I rarely if _ever_ laugh out loud at anything here, much less something I put 'lol' in.

I used to hate doing it, but nowadays I do it just to lighten the mood. I prefer to do "haha" or something to that effect. But someone will probably think I'm (more) weird (than I already am) if I were to keep doing that, so I just vary between the two.
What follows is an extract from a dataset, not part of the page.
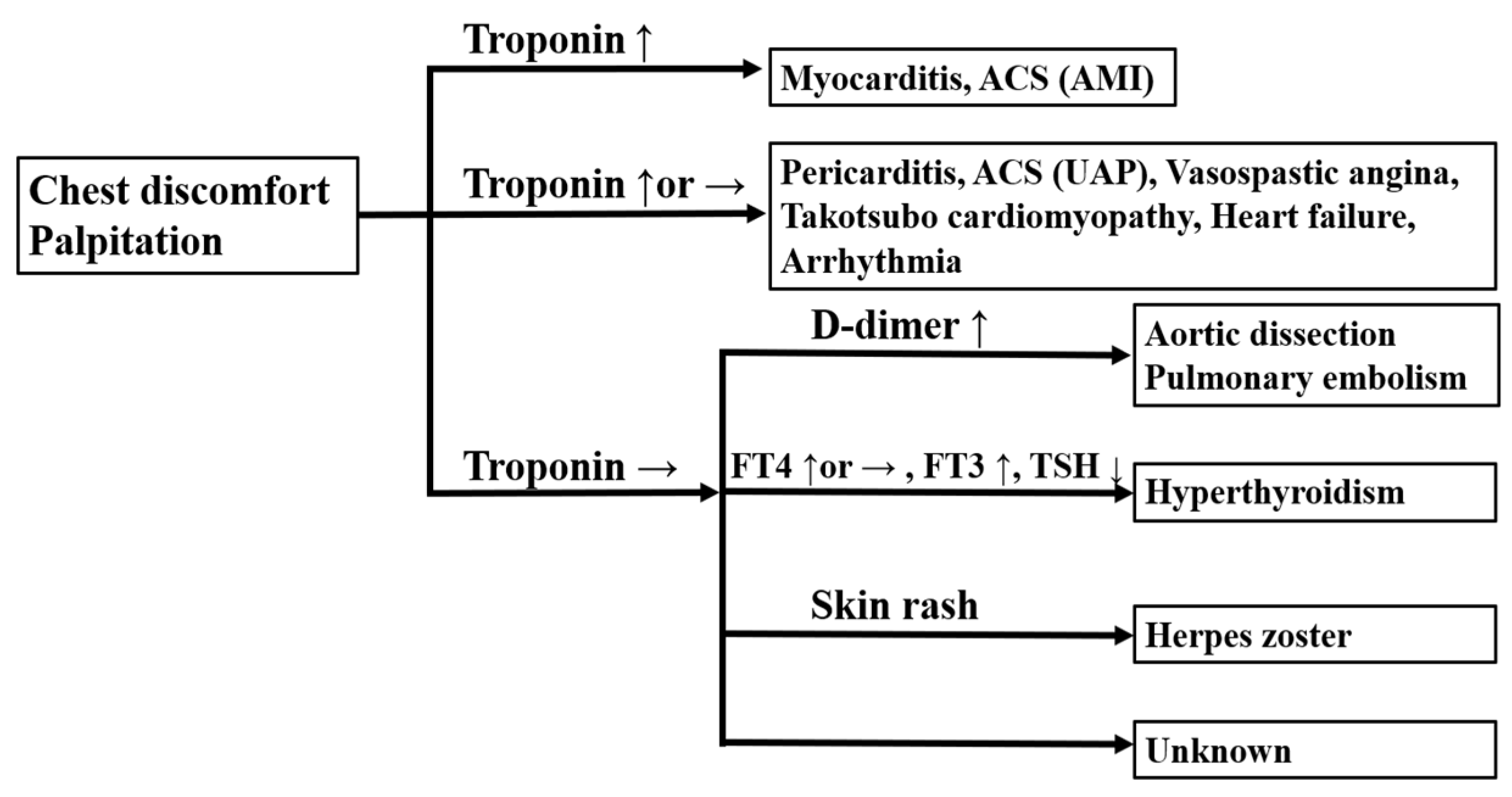Vaccines 10 00866 g002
It'd be nice if I could not do it at all and be comfortable with not having my posts taken the wrong way. Some people's posts are very proper here, and that makes me quite envious, since sometimes I feel in comparison I _should_ be more serious here or something.


----------



## Lisa (Jul 8, 2006)

sometimes


----------



## Nocti (Dec 6, 2011)

lol = I smiled or chuckled 

lmao/rofl = I laughed


----------



## Insane1 (Jul 25, 2011)

I used to type it when I was LOL'ing for real. Now I mostly just type it sarcasticly..


----------



## heyJude (Aug 1, 2009)

Sometimes, but most of the time, if I do say 'lol' I chuckle a bit in my head.


----------



## kosherpiggy (Apr 7, 2010)

if it's capitalized, then usually


----------



## sean88 (Apr 29, 2006)

lol is like, it was funny in my head, and I'll crack a smile - it's definitely not a pity thing, but I'm not literally loling either. If I'm actually laughing I'll be like "OMFG LOL ROFL LMFAO" or something like that.


----------



## Haydsmom2007 (Oct 16, 2009)

If I type "LOL!" then I usually laughed out loud. But if I type "lol" I usually didn't.


----------



## Luka92 (Dec 13, 2011)

''LOL'' annoys me, people overuse it so much. For example, ''This is a good film, but not as great as I thought it would be LOL'' :roll


----------



## Xtraneous (Oct 18, 2011)

not really i just use it in about every other sentence lol


----------



## sarafinanickelbocker (May 16, 2010)

Sometimes I do and sometimes I don't. I don't type it just to be nice though. Sometimes I think something is humorous without laughing. I'm one of those weird people who doesn't really laugh at funny movies and when I do...say out at a movie...it's kinda fake, even though I did think something was funny.


----------



## Hopeful25 (Aug 8, 2011)

Neptunus said:


> Usually.


Same here.

When it's all caps: LOL. I laughed pretty hard at that. If it's lowercase, maybe I did maybe I didn't but I thought it was pretty funny on the inside.

I never type it for no reason though, always when I find something at least kind of funny.


----------



## Nathan Talli (Dec 13, 2010)

Nope. I type it when I found something to be witty, otherwise I don't type anything. When I did actually laugh in real life I do type: rofl. Weird, I know.


----------



## lightsout (Jan 8, 2012)

all-caps generally means so, but I also just add it onto other sentences to make sure it's known I'm not being too serious (...I dunno, I just feel my wording-choices might be interpreted as such sometimes).


----------



## Cheesecake (Feb 2, 2007)

I don't type 'lol'.


----------



## Secretaz (Sep 10, 2011)

I don't really lol in real, not even smile a little bit.


----------



## kanra (Nov 27, 2011)

Sometimes "XD" for politeness, "lol" for laughing inwardly, "LOL" for chuckling, and "lmao" for laughing out loud. :lol I guess lol lost its real meaning for me, lol


----------



## Jinxx (May 10, 2011)

Sometimes I do. Sometimes I don't. Usually its something I type when I don't know what else to say. I have noticed this though... When I'm actually laughing, I type LMAO instead to express more laughter.


----------



## SapphireMeadow (Feb 8, 2011)

It really depends, if I'm alone or something is just really funny I will laugh out loud but most of the time I just chuckle and type LOL


----------